EXTRACTED MATERIAL:

□ □ □ □ □ □ □

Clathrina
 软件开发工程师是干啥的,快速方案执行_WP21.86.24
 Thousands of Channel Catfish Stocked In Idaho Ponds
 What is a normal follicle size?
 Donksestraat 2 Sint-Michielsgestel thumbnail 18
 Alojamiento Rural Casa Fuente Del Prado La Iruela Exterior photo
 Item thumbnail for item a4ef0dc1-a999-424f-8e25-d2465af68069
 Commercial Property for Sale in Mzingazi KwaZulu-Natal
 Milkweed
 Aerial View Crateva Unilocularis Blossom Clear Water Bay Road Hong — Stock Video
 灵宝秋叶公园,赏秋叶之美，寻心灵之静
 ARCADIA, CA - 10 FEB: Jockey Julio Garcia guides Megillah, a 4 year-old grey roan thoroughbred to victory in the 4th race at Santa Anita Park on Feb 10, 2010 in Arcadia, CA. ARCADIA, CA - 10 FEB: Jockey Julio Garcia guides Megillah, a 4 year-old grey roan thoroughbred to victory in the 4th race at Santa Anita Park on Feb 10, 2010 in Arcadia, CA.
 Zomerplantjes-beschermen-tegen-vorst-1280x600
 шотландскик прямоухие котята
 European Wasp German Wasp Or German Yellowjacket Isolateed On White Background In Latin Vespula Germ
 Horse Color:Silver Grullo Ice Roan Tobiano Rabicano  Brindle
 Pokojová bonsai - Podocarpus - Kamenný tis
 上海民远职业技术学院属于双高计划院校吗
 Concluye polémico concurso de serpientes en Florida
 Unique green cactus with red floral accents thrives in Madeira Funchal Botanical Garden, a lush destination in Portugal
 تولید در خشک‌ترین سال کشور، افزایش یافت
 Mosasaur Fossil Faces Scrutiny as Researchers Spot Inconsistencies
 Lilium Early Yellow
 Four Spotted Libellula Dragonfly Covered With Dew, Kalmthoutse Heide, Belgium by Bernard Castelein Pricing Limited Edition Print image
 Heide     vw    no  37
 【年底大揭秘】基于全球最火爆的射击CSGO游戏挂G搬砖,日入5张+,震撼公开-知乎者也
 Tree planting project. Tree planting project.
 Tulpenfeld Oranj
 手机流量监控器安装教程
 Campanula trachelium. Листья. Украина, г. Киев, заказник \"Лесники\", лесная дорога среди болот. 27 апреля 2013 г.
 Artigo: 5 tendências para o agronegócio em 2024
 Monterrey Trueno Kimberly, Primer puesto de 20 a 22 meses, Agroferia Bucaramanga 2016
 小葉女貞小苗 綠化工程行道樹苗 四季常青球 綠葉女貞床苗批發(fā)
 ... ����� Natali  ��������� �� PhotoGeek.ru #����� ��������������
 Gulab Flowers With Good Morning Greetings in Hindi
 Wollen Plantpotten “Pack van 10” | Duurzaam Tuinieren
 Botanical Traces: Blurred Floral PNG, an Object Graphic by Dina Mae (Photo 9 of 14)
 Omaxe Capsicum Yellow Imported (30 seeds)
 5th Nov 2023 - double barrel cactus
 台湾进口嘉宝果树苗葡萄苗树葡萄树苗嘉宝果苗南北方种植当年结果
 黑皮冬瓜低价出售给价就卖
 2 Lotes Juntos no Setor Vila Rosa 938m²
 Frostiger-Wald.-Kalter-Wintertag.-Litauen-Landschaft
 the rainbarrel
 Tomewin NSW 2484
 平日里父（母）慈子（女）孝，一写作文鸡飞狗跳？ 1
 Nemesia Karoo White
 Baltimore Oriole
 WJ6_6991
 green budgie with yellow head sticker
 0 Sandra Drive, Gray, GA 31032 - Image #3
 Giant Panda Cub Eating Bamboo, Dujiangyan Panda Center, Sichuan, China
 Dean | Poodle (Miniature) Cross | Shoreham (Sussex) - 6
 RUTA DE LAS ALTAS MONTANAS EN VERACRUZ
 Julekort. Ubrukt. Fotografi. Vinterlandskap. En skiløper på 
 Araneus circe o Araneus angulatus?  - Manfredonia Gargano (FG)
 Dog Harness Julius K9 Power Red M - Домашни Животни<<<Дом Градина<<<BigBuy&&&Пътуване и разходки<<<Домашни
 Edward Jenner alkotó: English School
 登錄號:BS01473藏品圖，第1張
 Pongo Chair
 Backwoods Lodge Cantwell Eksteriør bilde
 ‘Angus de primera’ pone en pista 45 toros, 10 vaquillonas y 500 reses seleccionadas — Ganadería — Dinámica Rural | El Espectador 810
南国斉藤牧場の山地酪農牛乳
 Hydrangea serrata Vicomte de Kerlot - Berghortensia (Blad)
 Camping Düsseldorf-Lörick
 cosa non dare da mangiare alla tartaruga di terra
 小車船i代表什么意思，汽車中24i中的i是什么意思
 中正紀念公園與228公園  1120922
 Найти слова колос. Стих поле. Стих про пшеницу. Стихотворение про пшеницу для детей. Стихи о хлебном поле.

□ □ □ □ □ □ □

WORK TASK:
The answer should consist of the full listing, repeated exactly.

THE COMPLETED TASK:
Clathrina
 软件开发工程师是干啥的,快速方案执行_WP21.86.24
 Thousands of Channel Catfish Stocked In Idaho Ponds
 What is a normal follicle size?
 Donksestraat 2 Sint-Michielsgestel thumbnail 18
 Alojamiento Rural Casa Fuente Del Prado La Iruela Exterior photo
 Item thumbnail for item a4ef0dc1-a999-424f-8e25-d2465af68069
 Commercial Property for Sale in Mzingazi KwaZulu-Natal
 Milkweed
 Aerial View Crateva Unilocularis Blossom Clear Water Bay Road Hong — Stock Video
 灵宝秋叶公园,赏秋叶之美，寻心灵之静
 ARCADIA, CA - 10 FEB: Jockey Julio Garcia guides Megillah, a 4 year-old grey roan thoroughbred to victory in the 4th race at Santa Anita Park on Feb 10, 2010 in Arcadia, CA. ARCADIA, CA - 10 FEB: Jockey Julio Garcia guides Megillah, a 4 year-old grey roan thoroughbred to victory in the 4th race at Santa Anita Park on Feb 10, 2010 in Arcadia, CA.
 Zomerplantjes-beschermen-tegen-vorst-1280x600
 шотландскик прямоухие котята
 European Wasp German Wasp Or German Yellowjacket Isolateed On White Background In Latin Vespula Germ
 Horse Color:Silver Grullo Ice Roan Tobiano Rabicano  Brindle
 Pokojová bonsai - Podocarpus - Kamenný tis
 上海民远职业技术学院属于双高计划院校吗
 Concluye polémico concurso de serpientes en Florida
 Unique green cactus with red floral accents thrives in Madeira Funchal Botanical Garden, a lush destination in Portugal
 تولید در خشک‌ترین سال کشور، افزایش یافت
 Mosasaur Fossil Faces Scrutiny as Researchers Spot Inconsistencies
 Lilium Early Yellow
 Four Spotted Libellula Dragonfly Covered With Dew, Kalmthoutse Heide, Belgium by Bernard Castelein Pricing Limited Edition Print image
 Heide     vw    no  37
 【年底大揭秘】基于全球最火爆的射击CSGO游戏挂G搬砖,日入5张+,震撼公开-知乎者也
 Tree planting project. Tree planting project.
 Tulpenfeld Oranj
 手机流量监控器安装教程
 Campanula trachelium. Листья. Украина, г. Киев, заказник \"Лесники\", лесная дорога среди болот. 27 апреля 2013 г.
 Artigo: 5 tendências para o agronegócio em 2024
 Monterrey Trueno Kimberly, Primer puesto de 20 a 22 meses, Agroferia Bucaramanga 2016
 小葉女貞小苗 綠化工程行道樹苗 四季常青球 綠葉女貞床苗批發(fā)
 ... ����� Natali  ��������� �� PhotoGeek.ru #����� ��������������
 Gulab Flowers With Good Morning Greetings in Hindi
 Wollen Plantpotten “Pack van 10” | Duurzaam Tuinieren
 Botanical Traces: Blurred Floral PNG, an Object Graphic by Dina Mae (Photo 9 of 14)
 Omaxe Capsicum Yellow Imported (30 seeds)
 5th Nov 2023 - double barrel cactus
 台湾进口嘉宝果树苗葡萄苗树葡萄树苗嘉宝果苗南北方种植当年结果
 黑皮冬瓜低价出售给价就卖
 2 Lotes Juntos no Setor Vila Rosa 938m²
 Frostiger-Wald.-Kalter-Wintertag.-Litauen-Landschaft
 the rainbarrel
 Tomewin NSW 2484
 平日里父（母）慈子（女）孝，一写作文鸡飞狗跳？ 1
 Nemesia Karoo White
 Baltimore Oriole
 WJ6_6991
 green budgie with yellow head sticker
 0 Sandra Drive, Gray, GA 31032 - Image #3
 Giant Panda Cub Eating Bamboo, Dujiangyan Panda Center, Sichuan, China
 Dean | Poodle (Miniature) Cross | Shoreham (Sussex) - 6
 RUTA DE LAS ALTAS MONTANAS EN VERACRUZ
 Julekort. Ubrukt. Fotografi. Vinterlandskap. En skiløper på 
 Araneus circe o Araneus angulatus?  - Manfredonia Gargano (FG)
 Dog Harness Julius K9 Power Red M - Домашни Животни<<<Дом Градина<<<BigBuy&&&Пътуване и разходки<<<Домашни
 Edward Jenner alkotó: English School
 登錄號:BS01473藏品圖，第1張
 Pongo Chair
 Backwoods Lodge Cantwell Eksteriør bilde
 ‘Angus de primera’ pone en pista 45 toros, 10 vaquillonas y 500 reses seleccionadas — Ganadería — Dinámica Rural | El Espectador 810
南国斉藤牧場の山地酪農牛乳
 Hydrangea serrata Vicomte de Kerlot - Berghortensia (Blad)
 Camping Düsseldorf-Lörick
 cosa non dare da mangiare alla tartaruga di terra
 小車船i代表什么意思，汽車中24i中的i是什么意思
 中正紀念公園與228公園  1120922
 Найти слова колос. Стих поле. Стих про пшеницу. Стихотворение про пшеницу для детей. Стихи о хлебном поле.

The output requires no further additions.